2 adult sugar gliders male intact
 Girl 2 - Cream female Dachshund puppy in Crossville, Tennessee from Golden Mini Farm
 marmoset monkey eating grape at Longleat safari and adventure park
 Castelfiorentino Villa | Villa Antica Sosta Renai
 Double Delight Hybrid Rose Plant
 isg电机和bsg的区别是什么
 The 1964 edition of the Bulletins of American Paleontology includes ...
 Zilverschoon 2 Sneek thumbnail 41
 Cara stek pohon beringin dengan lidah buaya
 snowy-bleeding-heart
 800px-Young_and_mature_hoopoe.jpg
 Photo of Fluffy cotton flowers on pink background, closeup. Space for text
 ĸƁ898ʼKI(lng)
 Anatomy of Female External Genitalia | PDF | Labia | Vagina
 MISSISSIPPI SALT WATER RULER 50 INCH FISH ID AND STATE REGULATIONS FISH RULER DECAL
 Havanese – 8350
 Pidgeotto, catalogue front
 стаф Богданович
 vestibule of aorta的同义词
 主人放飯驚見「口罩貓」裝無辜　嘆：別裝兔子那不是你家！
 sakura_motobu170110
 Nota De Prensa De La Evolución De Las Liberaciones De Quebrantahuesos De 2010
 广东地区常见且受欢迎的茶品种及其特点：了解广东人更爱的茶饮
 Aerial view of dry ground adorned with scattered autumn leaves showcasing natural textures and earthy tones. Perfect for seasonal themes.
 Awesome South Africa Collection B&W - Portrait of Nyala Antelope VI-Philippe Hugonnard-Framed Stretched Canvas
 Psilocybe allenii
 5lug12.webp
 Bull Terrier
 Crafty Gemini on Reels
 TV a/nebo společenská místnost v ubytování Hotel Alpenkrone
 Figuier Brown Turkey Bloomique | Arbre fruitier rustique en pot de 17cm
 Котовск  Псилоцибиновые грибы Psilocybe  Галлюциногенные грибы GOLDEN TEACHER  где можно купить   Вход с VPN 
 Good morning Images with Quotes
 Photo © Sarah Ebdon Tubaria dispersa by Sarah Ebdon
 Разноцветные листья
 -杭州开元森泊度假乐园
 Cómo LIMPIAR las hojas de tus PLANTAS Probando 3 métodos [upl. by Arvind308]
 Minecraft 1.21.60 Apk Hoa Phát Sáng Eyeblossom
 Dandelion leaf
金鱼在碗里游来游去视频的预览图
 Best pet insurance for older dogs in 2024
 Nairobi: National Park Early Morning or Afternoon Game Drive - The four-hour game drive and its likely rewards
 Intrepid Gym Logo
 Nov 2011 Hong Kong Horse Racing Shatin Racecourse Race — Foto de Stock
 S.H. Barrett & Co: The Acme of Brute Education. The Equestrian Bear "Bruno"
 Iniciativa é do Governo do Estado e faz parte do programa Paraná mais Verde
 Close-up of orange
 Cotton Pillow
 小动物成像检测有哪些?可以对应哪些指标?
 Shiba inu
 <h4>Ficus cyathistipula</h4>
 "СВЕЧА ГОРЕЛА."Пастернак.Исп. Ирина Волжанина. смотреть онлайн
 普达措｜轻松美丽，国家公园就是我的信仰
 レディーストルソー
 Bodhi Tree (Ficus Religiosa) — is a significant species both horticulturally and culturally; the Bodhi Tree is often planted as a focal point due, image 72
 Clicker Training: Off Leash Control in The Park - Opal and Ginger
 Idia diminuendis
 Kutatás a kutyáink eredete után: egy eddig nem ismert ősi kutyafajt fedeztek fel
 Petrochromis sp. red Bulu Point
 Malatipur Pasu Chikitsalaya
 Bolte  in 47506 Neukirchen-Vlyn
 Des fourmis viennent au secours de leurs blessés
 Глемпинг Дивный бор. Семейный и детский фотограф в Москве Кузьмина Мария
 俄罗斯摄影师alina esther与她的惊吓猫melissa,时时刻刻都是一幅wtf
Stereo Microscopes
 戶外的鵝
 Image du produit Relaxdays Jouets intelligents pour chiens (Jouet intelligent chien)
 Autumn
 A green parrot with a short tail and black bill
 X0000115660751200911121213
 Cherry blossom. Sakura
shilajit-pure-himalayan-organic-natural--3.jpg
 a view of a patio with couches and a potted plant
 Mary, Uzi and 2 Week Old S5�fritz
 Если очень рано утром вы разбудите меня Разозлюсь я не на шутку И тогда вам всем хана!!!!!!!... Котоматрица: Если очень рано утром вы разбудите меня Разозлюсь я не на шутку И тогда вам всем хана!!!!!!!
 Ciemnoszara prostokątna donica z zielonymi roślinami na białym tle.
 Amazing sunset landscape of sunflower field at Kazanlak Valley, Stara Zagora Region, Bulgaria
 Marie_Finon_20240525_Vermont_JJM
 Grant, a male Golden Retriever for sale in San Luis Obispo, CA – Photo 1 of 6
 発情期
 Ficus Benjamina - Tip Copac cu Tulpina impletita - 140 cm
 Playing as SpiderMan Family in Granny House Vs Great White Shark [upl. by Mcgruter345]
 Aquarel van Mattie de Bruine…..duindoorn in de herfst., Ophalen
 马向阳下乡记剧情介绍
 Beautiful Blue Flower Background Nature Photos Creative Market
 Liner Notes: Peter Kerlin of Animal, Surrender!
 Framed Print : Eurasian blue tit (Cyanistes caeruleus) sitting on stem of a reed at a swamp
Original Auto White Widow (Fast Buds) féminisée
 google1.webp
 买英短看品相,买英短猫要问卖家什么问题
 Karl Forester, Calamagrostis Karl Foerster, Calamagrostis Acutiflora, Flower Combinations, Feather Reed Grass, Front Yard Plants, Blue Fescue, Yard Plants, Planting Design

━━━━━━━━━━━━━━━━━━━━

▶ _WORK TO BE COMPLETED_: Search the entries above for the word "with" and copy each line where it appears.

▶ _THE COMPLETED TASK_:
 Aerial view of dry ground adorned with scattered autumn leaves showcasing natural textures and earthy tones. Perfect for seasonal themes.
 Good morning Images with Quotes
 A green parrot with a short tail and black bill
 a view of a patio with couches and a potted plant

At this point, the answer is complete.